For a better experience, click the Compatibility Mode icon above to turn off Compatibility Mode, which is only for viewing older websites.

Marilyn Jorns

Marilyn Jorns, PhD

Professor


Department: Biochemistry & Molecular Biology

Education

  • PhD in Biochemistry - University of Michigan (1970)

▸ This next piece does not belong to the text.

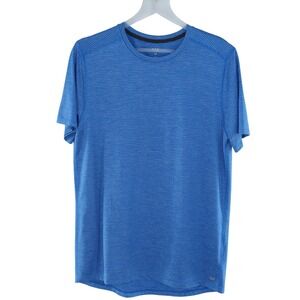 DSG Mens Athletic Short Sleeve T-Shirt Blue Space Dye Performance Top Size M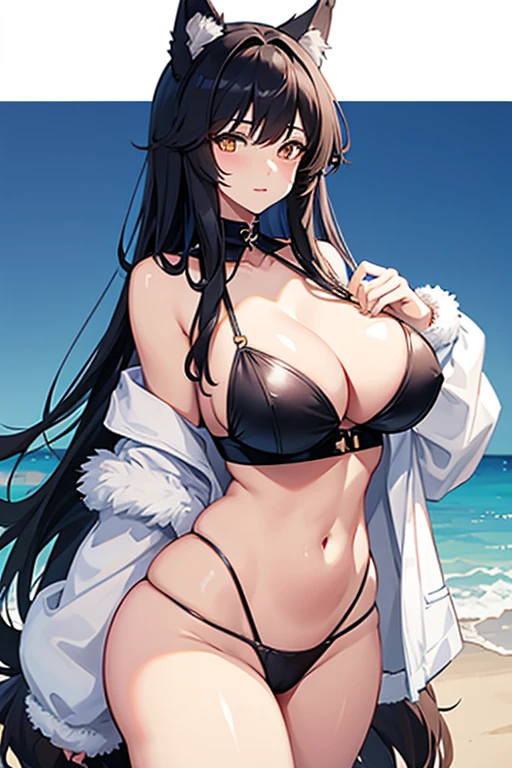 Furry wolf girl, large chest, large thighs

Marilyn Jorns, PhD, is a professor in the Department of Biochemistry & Molecular Biology at Drexel University College of Medicine.

Research Interests

Use of structure-based drug design to develop a new class of drugs to treat heart failure, based on modulation of the gasotransmitter hydrogen sulfide; structure and mechanism of membrane-bound oxidoreductases

Research

Cardioprotective effects of hydrogen sulfide in heart failure
Cardioprotective effects of hydrogen sulfide in heart failure

Heart failure is a highly lethal disease affecting more than 6 million Americans. There are presently no effective treatments for heart failure other than heart transplantation, which is limited by the availability of organ donors. Hydrogen sulfide (H2S) is a crucial signaling molecule in the cardiovascular system, where it protects against the development of hypertension and atherosclerosis, the leading causes of heart failure. Patients with heart failure exhibit a pronounced decrease (up to three-fold) in plasma H2S levels that appears to be correlated with the severity of the disease. The finding of reduced H2S levels has been replicated in several experimental rodent models where exogenous administration of H2S is found to protect against the development of heart failure induced by ischemia-reperfusion injury, pressure overload or volume overload. The attractiveness of increasing H2S levels as a novel therapeutic strategy to treat heart failure stems from the ability of this gasotransmitter to activate multiple cardioprotective pathways at the same time.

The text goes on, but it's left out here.